JB & AM: Mystery gives the thrill of feeling uneasy and scared. People watch TV and movies to have that roller coaster ride. The reason why low budget genre films can break out without having stars or huge spectacles, like THE BLAIR WITCH PROJECT or THE BABADOOK or IT FOLLOWS, is because they provide that fun ride of being actually scared. Providing the excitement of real fear is something way more complicated than a jump scare, and probably the most challenging thing to do in cinema.
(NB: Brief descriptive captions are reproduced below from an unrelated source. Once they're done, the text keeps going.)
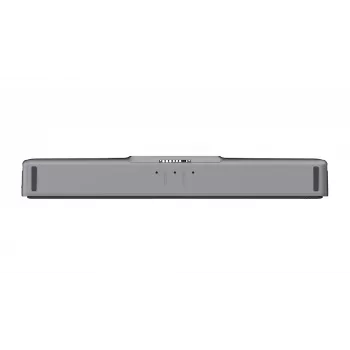 MAXHUB XBar W70 Qua-eyes 4K Microsoft Teams Rooms Videobar Windows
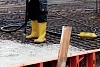 Wacker Neuson IE 58/42/5/15 Вибратор глубинный 55&nbsp;125 &#8381;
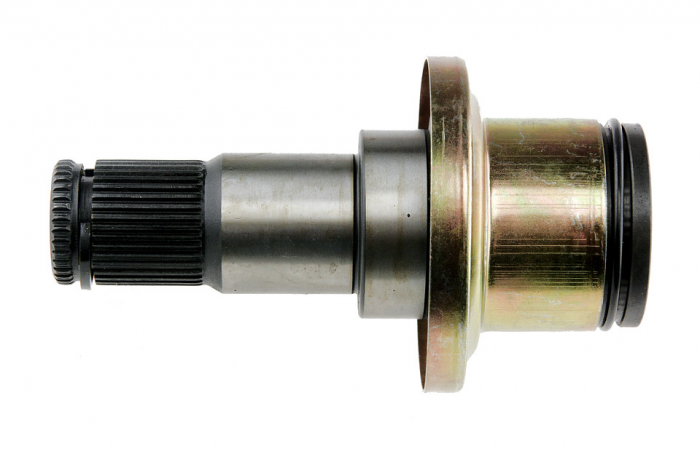 Adaptor planetara VW T4 2.5TDI 150KM dupa 1998 [3]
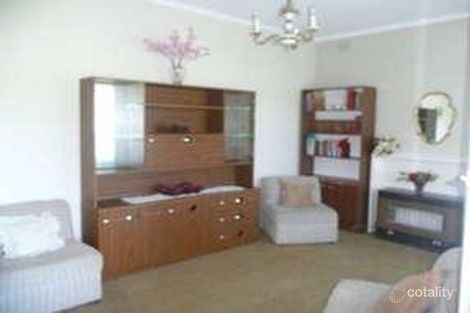 Property photo of 59 Northgate Street Pennington SA 5013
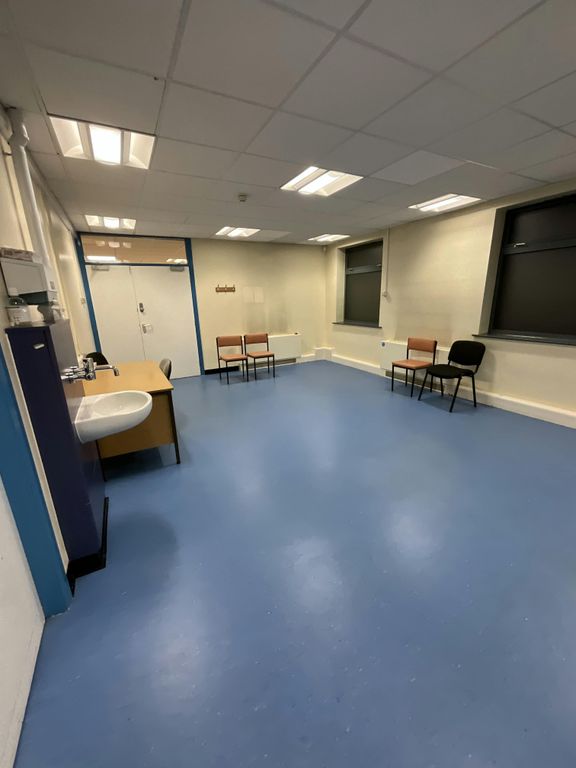 Property photo 3 of 10 Img_3108.Jpg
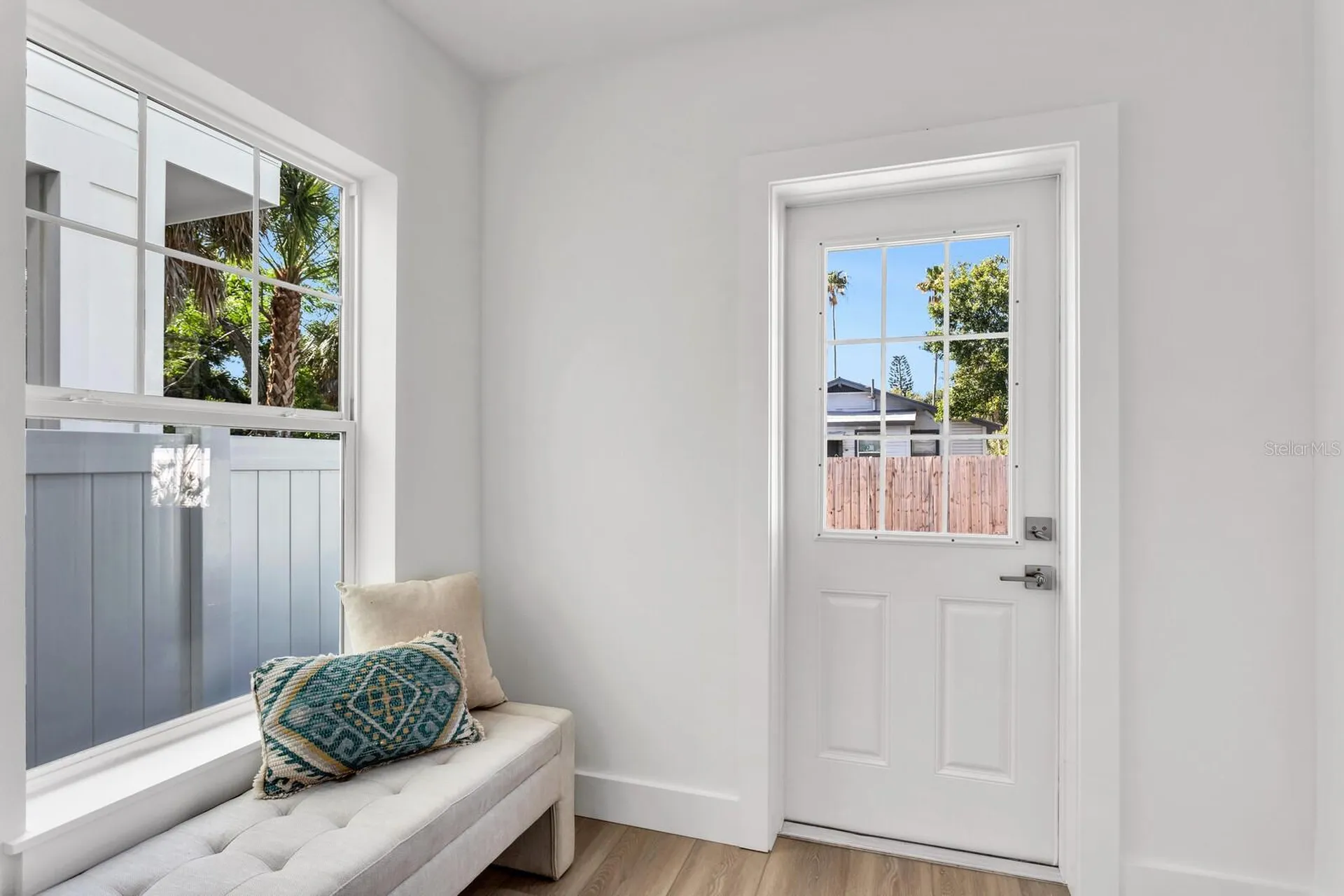1912 W Chestnut Street Tampa FL 33607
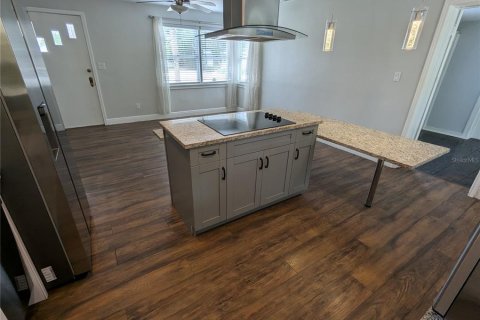 Casa en venta en Tarpon Springs, Florida, 3 dormitorios, 104.05 m2 № 1680347 - foto 13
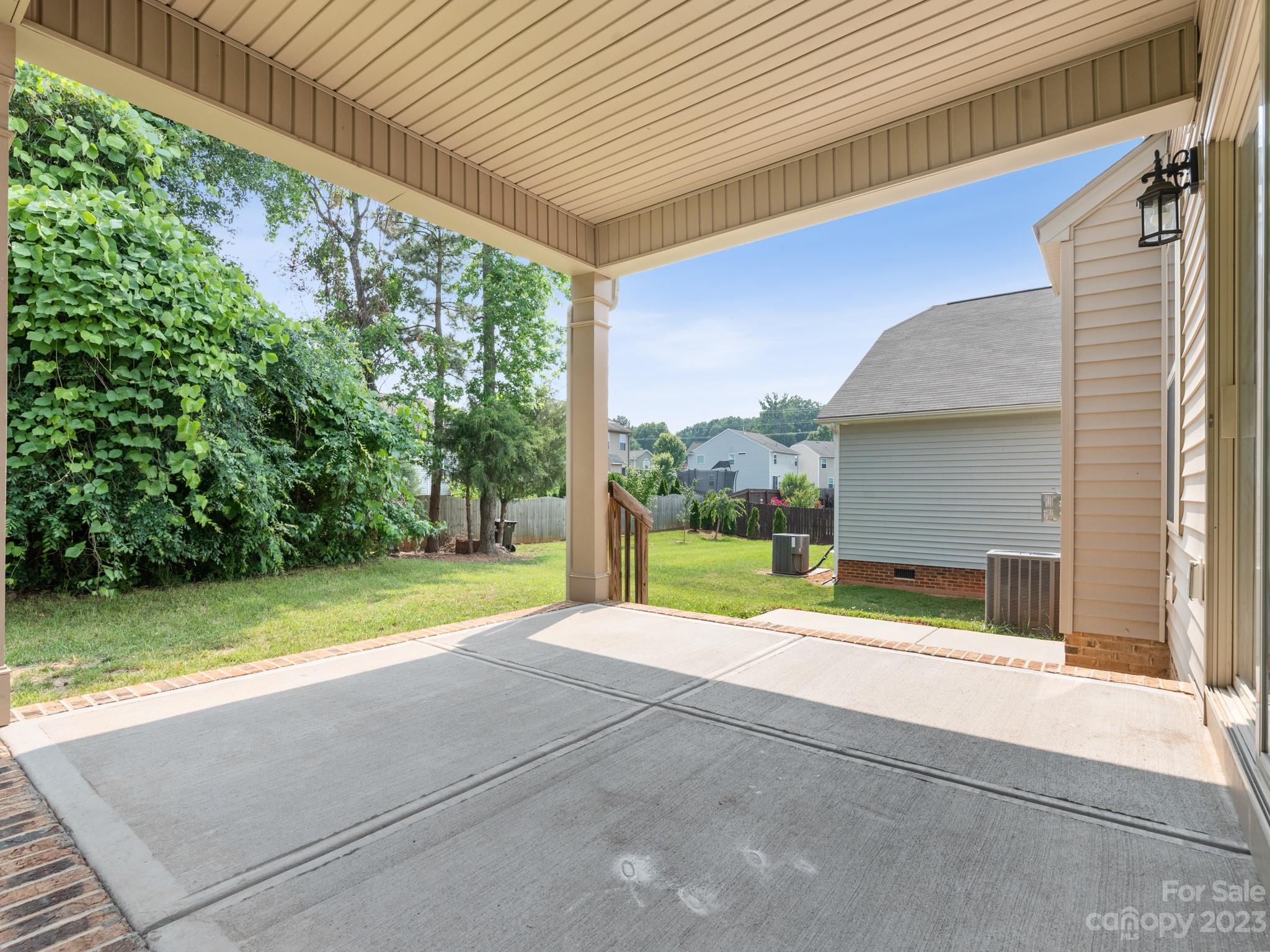 Sweetwater - Residential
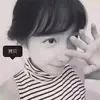 KimballMiles - @kimballmiles - TikTok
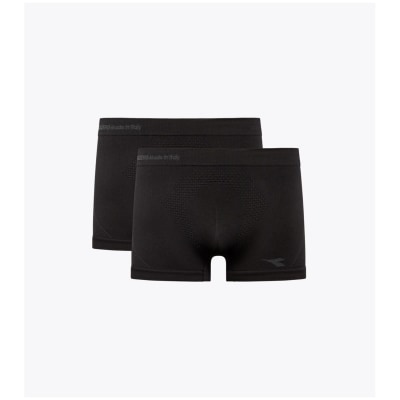 Diadora Stratozero Herren Unterhose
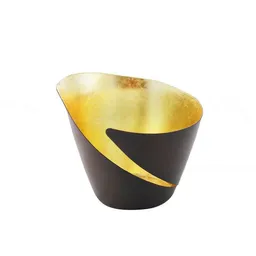 Mitienda Shop Mitienda Shop Teelichthalter Break – Produktbild 1 von 1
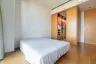2 Bedroom Condo for sale in Thung Maha Mek, Bangkok near BTS Chong Nonsi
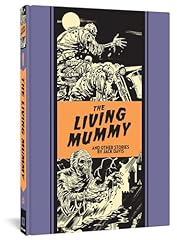 Living mummy stories for sale  Delivered anywhere in USA 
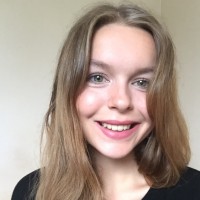 Caroline Westerlund
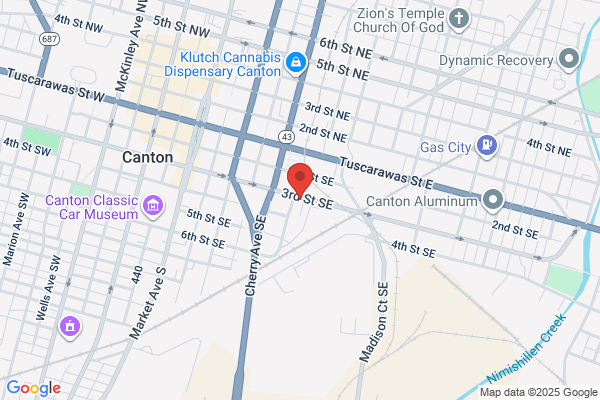 Audico Distributing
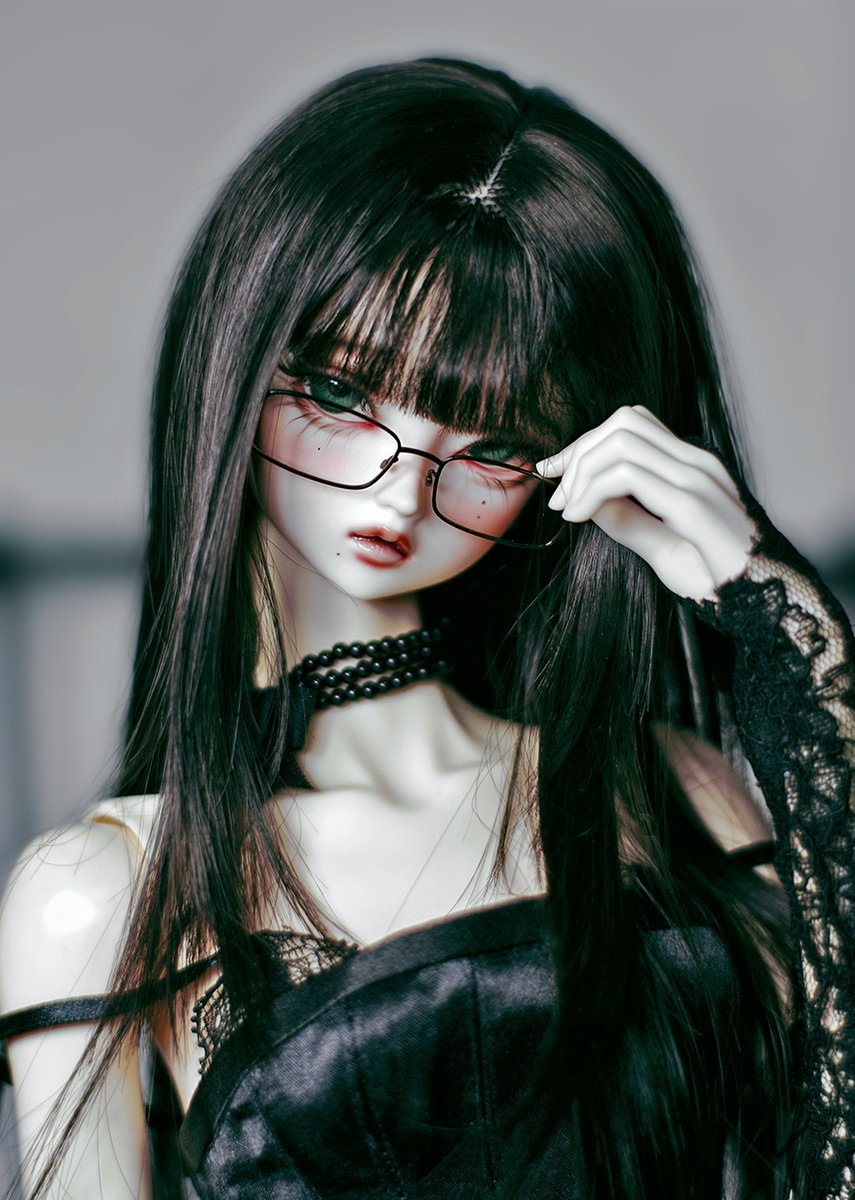 7119_4's tweet photo. 예에👓 https://t.co/iC2KIXlt51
In terms of grounding them, a lot of it is just the way our brains works. Neither of us are excited by conventional movie moments or homage or nostalgia, so we tend to default to it feeling like it can actually happen in real life, even if it’s supernatural. And then of course lived-in relationships ground our films too, as well as well-placed understated humor, people expressing themselves the way they do in real life, or expressing thoughts we have in real life, rather than responding to situations as a movie archetype would.
In the end, these are all stories about love – whether it be between friends, partners or brothers. How do love and terror connect for you thematically, and emotionally?
JB & AM: Well, the act of loving is probably the the most important thing you’ll do in your life. It’s the most profound thing your parents teach you. I think the fact that it exists is the most miraculous thing about us, and the loss of something you love is the most universally terrifying thing we all face as humans. So there’s that. I find love to be a more potent, and even more populist emotion than emotions more directly connected to violence. Then there’s also the fact that to love is to be human, and if characters lack humanity you have no stakes or tension because the audience won’t care what happens to them.
Finally, what is your advice to other filmmakers regarding crafting these complex screenplays for limited budgets? How do you approach these limitations without sacrificing story?
JB: Well this is really boring, but seriously, write for locations that you can have for free and FX that in a worse-case scenario you at least can pull off cheaply. Location fees are one of the biggest budget drains, and bad practical FX or VFX will ruin your film. After 3 indie features, though, I’ve literally never been in a situation where limitations made a story worse. My writing brain works much better having practical parameters on the story. This drives some producers crazy, but producing our films and the concerns that come with that has become very much a part of our creative process.
Also, dialogue that crackles and gives a chuckle, ideas that get under an audience’s skin, and a tone that gives the thrill of unease, are all nearly free. It all requires that you dig in and hone it for years and years, and sometimes means abandoning instincts to pay homage to the really big budget stuff you grew up with, but we’re in an exciting time in indie film where you’re more likely than ever to get your vision on screen. That time it takes, even if it’s decades to learn your craft and get your stuff seen, it’s totally doable now and infinitely rewarding.
AM: If you wanted to be super-analytical about it, you can make a list, before you even come up with the concept, of all of the resources at your disposal. Money sources, locations, actors, friends that will help, industry professionals, specific skills you have or events that are near you that you can shoot secretly. Then make a list next to it about the kinds of ideas/stories/characters that inspire you. Then stare at it forever and try to figure out how those lists plug together. That’ll get your movie made, quickly, effectively, and most importantly, with the least amount of compromise, so you’re speaking with your purest voice without feeling the need to apologize for the things you wish you had but didn’t.